Bob Avenatti, a 16-year resident of the area who lives on Gas Light Drive behind the Norried home, said he did not hear the disturbance that led to the police call. But he said neighbors had often complained about Alan Norried playing music loud at all hours.

“You’d wake up at 4 a.m. and hear him playing rock music,” he said.

At 11 a.m. on the day of the shooting, Avenatti said he spotted the younger Norried sprawled on a picnic table at Greer Park, apparently asleep.

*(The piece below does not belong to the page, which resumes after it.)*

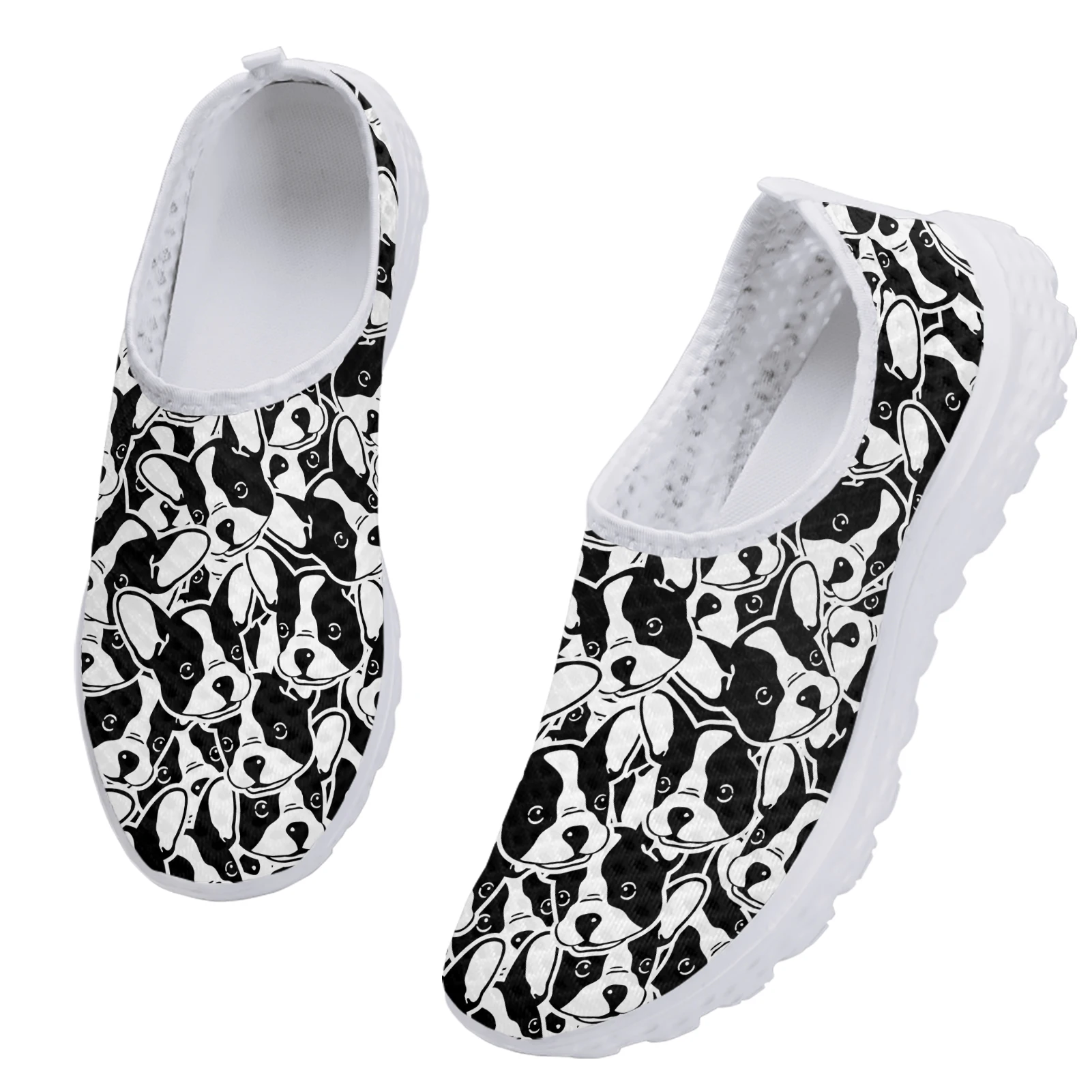 Boston Terrier Design Lightweight Outdoor Mesh Shoes Comfortable And Breathable Summer Shoes Leisure Shoes Zapatos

“I wasn’t sure who it was,” Avenatti said. “We thought it was a dead body, so we called the police. They drove up over there on the park and then Alan got up and started walking toward them. Then he dropped down like he was having a seizure, flailing around on the ground and acting silly, I guess to impress the cops. They called off the paramedics (who had arrived at the scene) and then he came walking this way.”

Like other neighbors interviewed Monday, Avenatti said the Norrieds kept to themselves and rarely socialized with people in the area. He said people knew of Alan Norried by reputation only, and it was not a particularly good one.

“He used to sit outside with no shirt on and play his guitar real loud,” Avenatti said. “I feel bad that this happened to the boy. But I feel sorry, too, for the cops who had to go in there.”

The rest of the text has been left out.